2002 Annual

Monday, 14 January 2002
Evaluations of turbulence algorithms from the forecasters' perspective: Winter 2001
Jamie Thomas Braid, NCAR, Boulder, CO; and J. L. Mahoney, T. L. Fowler, and B. G. Brown
Evaluations of Turbulence Algorithms from the Forecasters' Perspective: Winter 2001

Jamie T. Braid, Jennifer L. Mahoney , Tressa L. Fowler3, and Barbara G. Brown

Research Applications Program National Center for Atmospheric Research Boulder, Colorado

Author Contact Information: Jamie T. Braid, NCAR, P.O. Box 3000, Boulder, CO 80307, Phone: (303) 497-8395; Fax: (303) 497-8401; e-mail: braid@rap.ucar.edu


In non-fatal aviation accidents and incidents, in-flight turbulence is the leading cause of injuries to airline passengers and flight attendants. Turbulence is air movement that usually cannot be seen. This has led to a big push to find ways to give pilots an idea of where turbulence is going to occur. Human forecasters have been the first line of defense for pilots. With their forecasts, pilots are able to either avoid possible areas of turbulence, or at least inform the passengers so that they are safely belted into their seats. Along with the human forecasters, model-based algorithms also are used to help the human forecaster make a more accurate forecast. New algorithms, intended to provide improved forecasts, are under development.

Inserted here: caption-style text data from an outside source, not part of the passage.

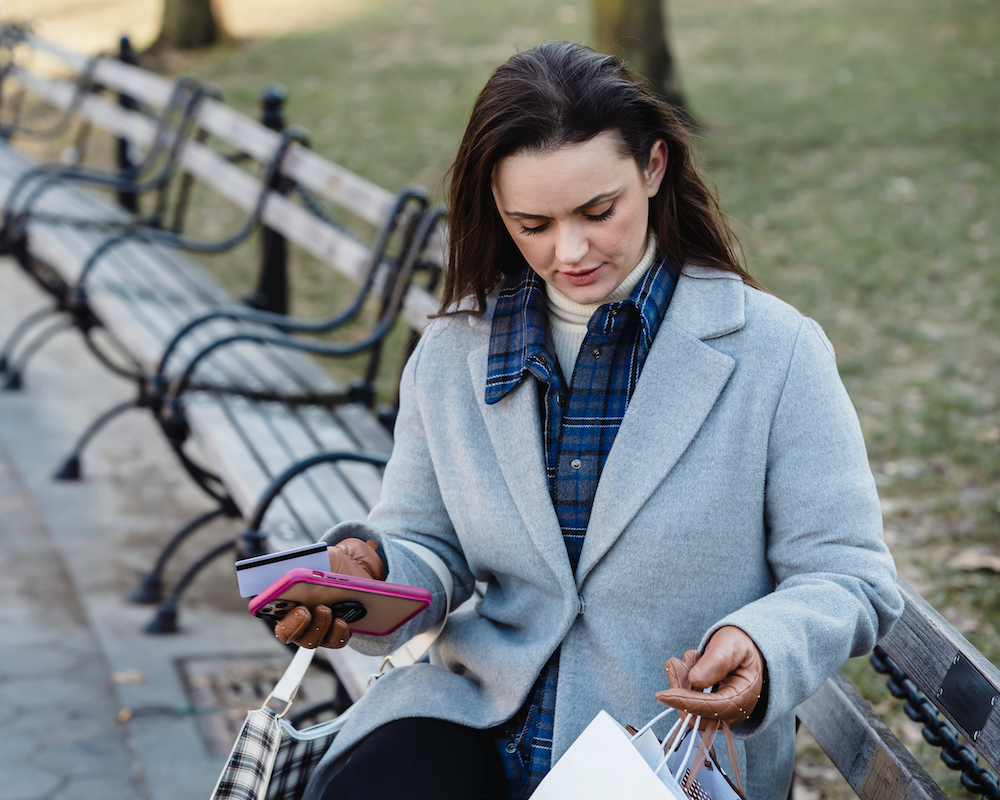 a woman sitting on a park bench holding a smart phone, credit card, and shopping bags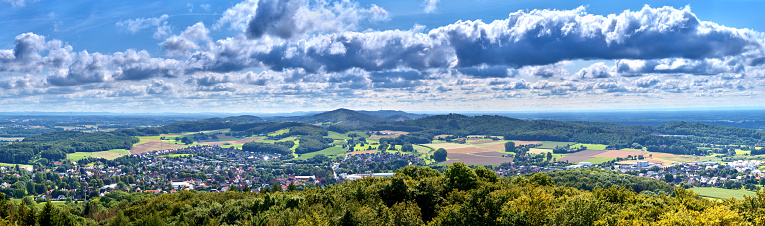 Panorama of villages on the edge of Teutoburg Forest near Osnabruck in Germany above the tree tops and with cloudy sky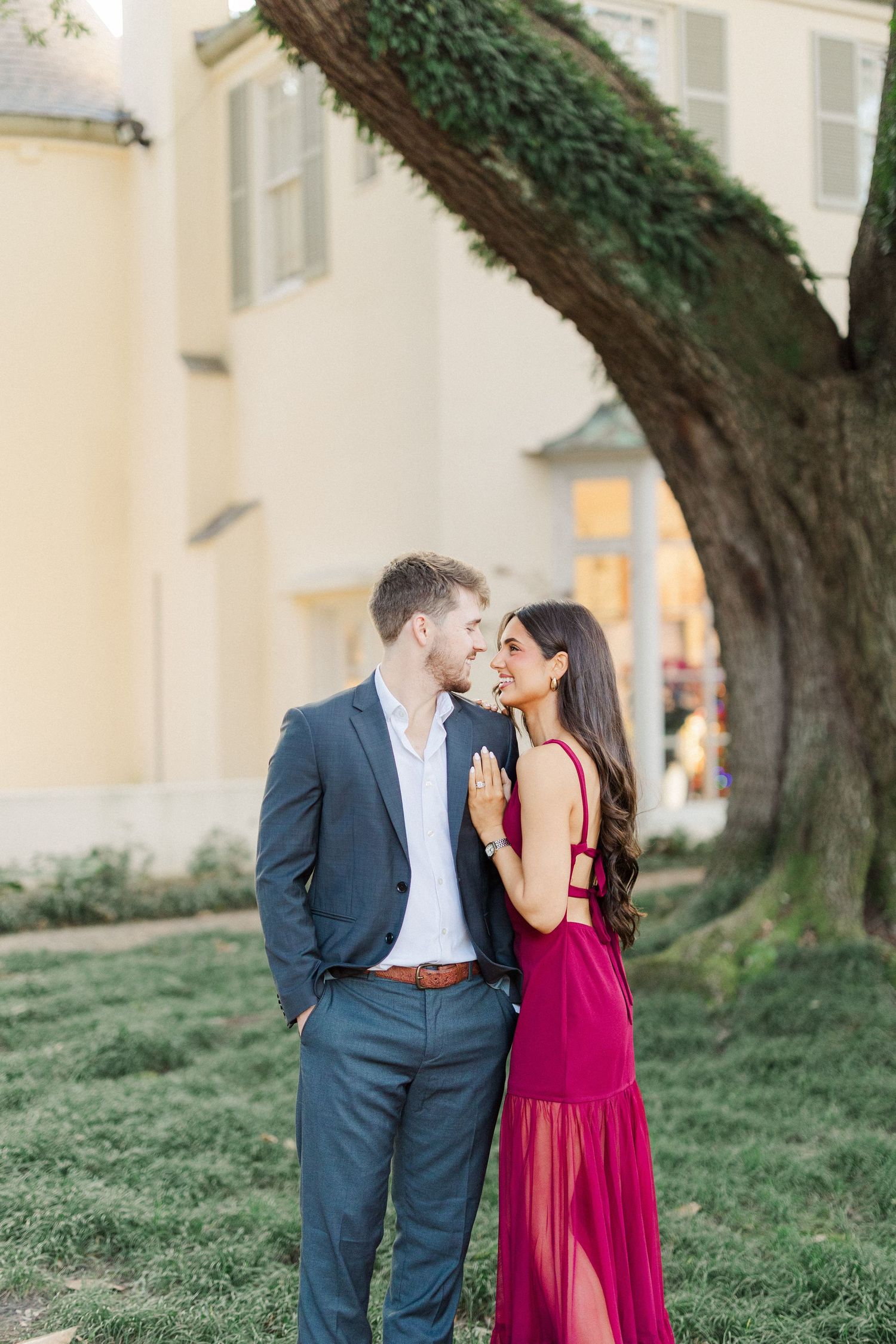 Romantic couple shares intimate moment under large tree with her in burgundy gown and him in dark suit.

From 16 February to 22 April 2001 a subjective assessment of model-based forecasts of clear air turbulence (CAT) was conducted. This was the second season for this assessment and included forecasters from both The National Weather Service's Aviation Weather Center (AWC) and Delta Airlines. In these assessments the forecasters were asked a series of weather and algorithm related questions. From their responses, data were collected on how the different algorithms performed in many types of conditions. Seven different algorithms included in the study were Ellrod-1, Horizontal Shear, ITFA (Integrated Turbulence Detection and Forecasting Algorithm), Richardson Number, Temperature Gradient, Ulturb (Upper-Level Turbulence), and Vertical Wind Shear.

In this poster the following will be accomplished. Background weather information on the main causes of clear air turbulence will be provided. Some examples of the questionnaires that were filled out by the forecasters at AWC and Delta will be presented. Each of the algorithms used in the assessment will be defined. Two cases where the algorithms performed well and two cases where the algorithm performed poorly will be displayed along with some general statistical data on the subjective and objective performance of the algorithms (Mahoney et al. 2001 Brown et al 2000 ). Lastly, enhancements, planned for the next subjective turbulence assessment, such as adding another forecast group and streamlining the questionnaire, will be described.

1 Abstract submitted to the First Student Conference and Career Fair, American Meteorological Society, 12-13 January 2002, Orlando, Florida. 2 Forecast Systems Laboratory, NOAA, Boulder, CO 3 Research Applications Program, NCAR, Boulder, CO 4 Mahoney, J.L., B.G. Brown, R. Bullock, T. Folwer, C. Fischer, J. Henderson, B. Sigren: 2001, Turbulence algorithm intercomparison: Winter 2001 results.(Report available from author; mahoney@fsl.noaa.gov)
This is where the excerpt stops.